August 6, 2019

Legislative Update

The North Carolina General Assembly has still not scheduled a vote for an attempt to override the governor’s veto of the legislature’s budget. More than a month has passed, and there are no significant efforts to reconcile the current budget impasse. The governor is staking his ground on Medicaid Expansion and his support of a more robust budget for education, while legislators view the Governor’s Medicaid Expansion as a non-starter and claim their budget is good for education while being fiscally responsible. Without a new budget in place, last year’s budget numbers will continue. For education stakeholders, that means no enrollment growth for LEAs and no salary increases for teachers or administrators. The legislature is in session, but House and Senate leadership have not indicated the next steps to resolve this budget stalemate.

Several members have asked about Senate Bill 374, Repeal Risky Retirement Payments., which would impact retirees by removing certain pop-up benefits. This bill did pass the Senate but remains in the House Rules Committee. PENC does not expect this bill to move in the House but will keep you posted if there are any updates on this legislation.

Recently, there has been little activity in the legislature and few votes scheduled. However, the following education-related bill did see action in committee last week. Also, the governor vetoed a bill to raise the virtual charter school enrollment cap by 20 percent.

Senate Bill 295 CS: PCS15399-BE-34 An Act to Make Various Changes to Local Standards of Student Conduct

This Senate bill was heard last week by the House Education Committee and was received favorably and now moves on from the Rules Committee to the House floor for consideration. This bill allows local boards of education to consult with community stakeholders to establish procedures for disciplining students. Any disciplinary changes and policies still must be in accordance with State and Federal statutes. Codes of student conduct will be clearly written with the intent of having students understand the consequences of violations.

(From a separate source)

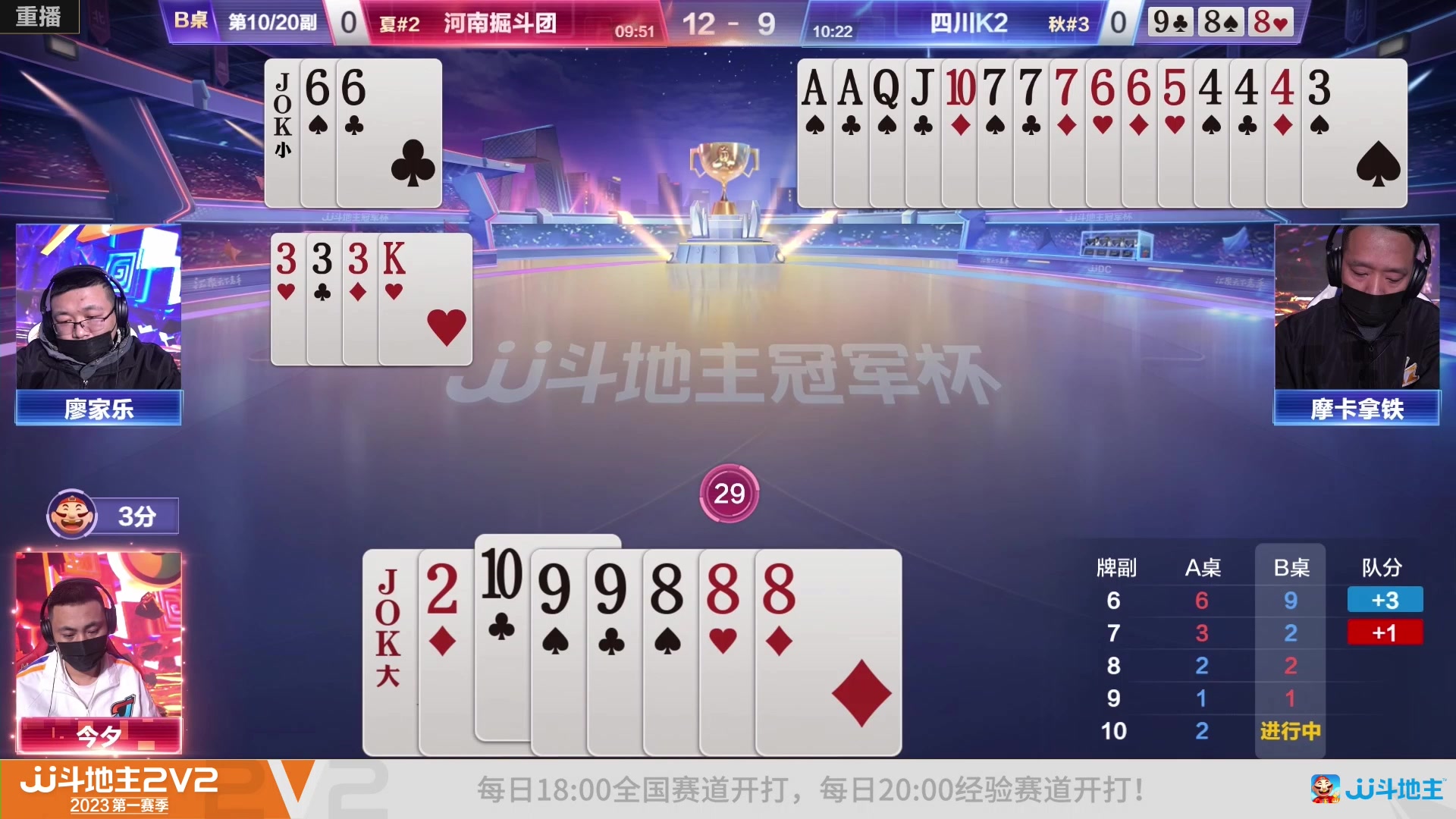 【2023-02-03 11点场】JJ斗地主官方：JJ斗地主冠军杯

Senate Bill 392 Various Charter School Changes.

This bill, which passed both chambers, was vetoed by the governor. The bill would raise the virtual charter school’s enrollment cap by 20 percent. Citing concerns over performance by the state’s two online charter schools, the governor struck down this bill.  This bill would apply only to the North Carolina Virtual Academy since the other virtual charter school, N.C Cyber Academy, is under monitoring status. The legislature would need a majority of two-thirds to override the governor’s veto.